"Is It Fun?"
A few months ago, I made a commitment to myself to start doing the Washington Post crossword every morning. I thought it would be good for my brain, and to up the ante, I made a few rules.You know me: Michele Woodward, Rules Girl [when you know the rules, you also know how to bend them. I am just saying.]. Here are my crossword puzzle rules:
Rule 1: Use only pen.
Rule 2: Take only 15 minutes.
Rule 3: If I'm not done in 15 minutes, drop it.
Five times out of six, I complete the puzzle under the rules. Which is surprisingly fulfilling.

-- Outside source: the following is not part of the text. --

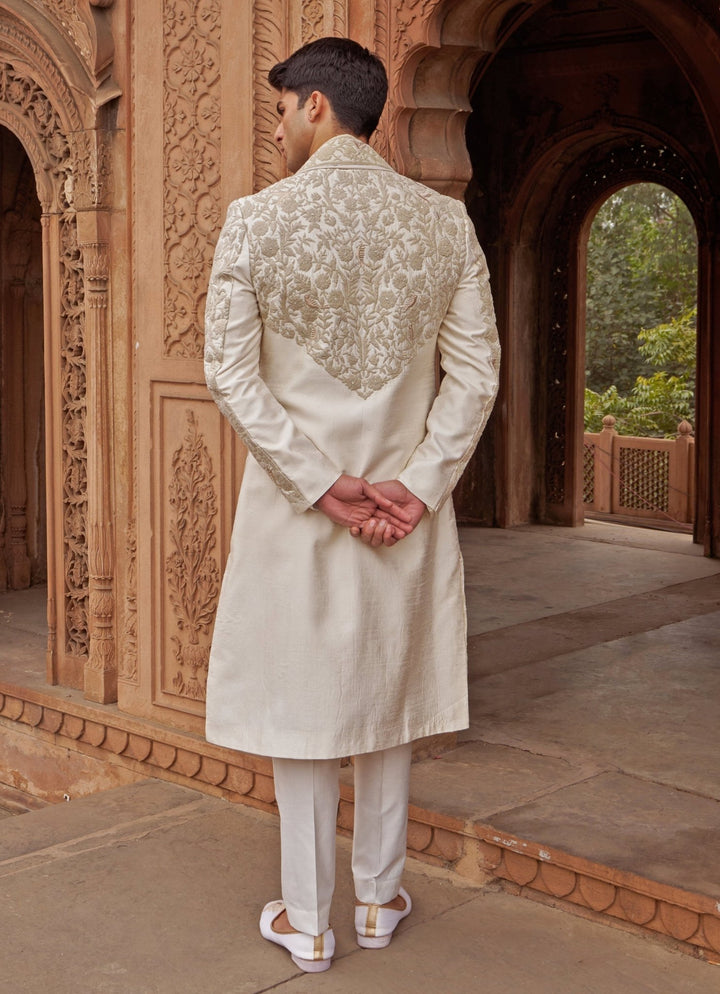 Ivory And Muted Gold Silk Sherwani Set Nidhika Shekhar - Men - Fabilicious Fashion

Ups my general Happy Quotient, if you want to know the truth.And, there are one or two things I have learned from this exercise:
A. My intuition about a word is almost always right (except the other day, when the clue was "John Paul II, e.g." I wrote "POPE" when the answer turned out to be "POLE". Ah, well.)
B. Sometimes an Across word is best solved by looking at the Down words that make it up
C. Challenges can be fun
That's right, fun. Look at me - I used the f-word.Maybe you were raised with that wonderful work ethic that says "anything worth doing has to be hard", which leads quite handily toward "work is hard, fun is frivolous; ergo, no fun for you, bucko".So you equate fun with anything but work.
Fun is tubing down the river with a cooler of beer trailing behind you.
Fun is a yo-yo tournament.
Fun is running a marathon (except for that pesky mile 21 where everything gets a little wobbly and you wonder where the fun is. The fun comes at mile 26.375, baby).
Work is a grind. Work is hyper-competitive. Work is eat-what-you-kill, dog-eat-dog, scarcity thinking writ large.Fun and work, therefore, can never be equal.But maybe think about it this way: work is just a challenge.And crossword puzzles are challenges, right?And some challenges can be fun and rewarding, and even fulfilling.Especially if you know the rules and work within them. Kinda.So, if my math is right, work can be fun and fulfilling if you turn the grind into a a kind of game, and you create some rules for yourself - rules you stick to.[You may have heard of this idea of rules before. We also call these "boundaries".]Such as: "I will not work on weekends.""I won't waste a minute in malicious office gossip.""If something doesn't go my way, I will drop it and move on rather than obsess, stew and fret."These are just some of mine. Just like using a pen to complete the crossword in less than 15 minutes.You have a choice, too. You can make your own rules.Really.Start by asking yourself, "Is this thing I'm doing fun?" And if the answer is no, then figure out a way to make it fun. Make it a game.Your game.And I'm thinking you're going to win because you made up the rules.You winner, you.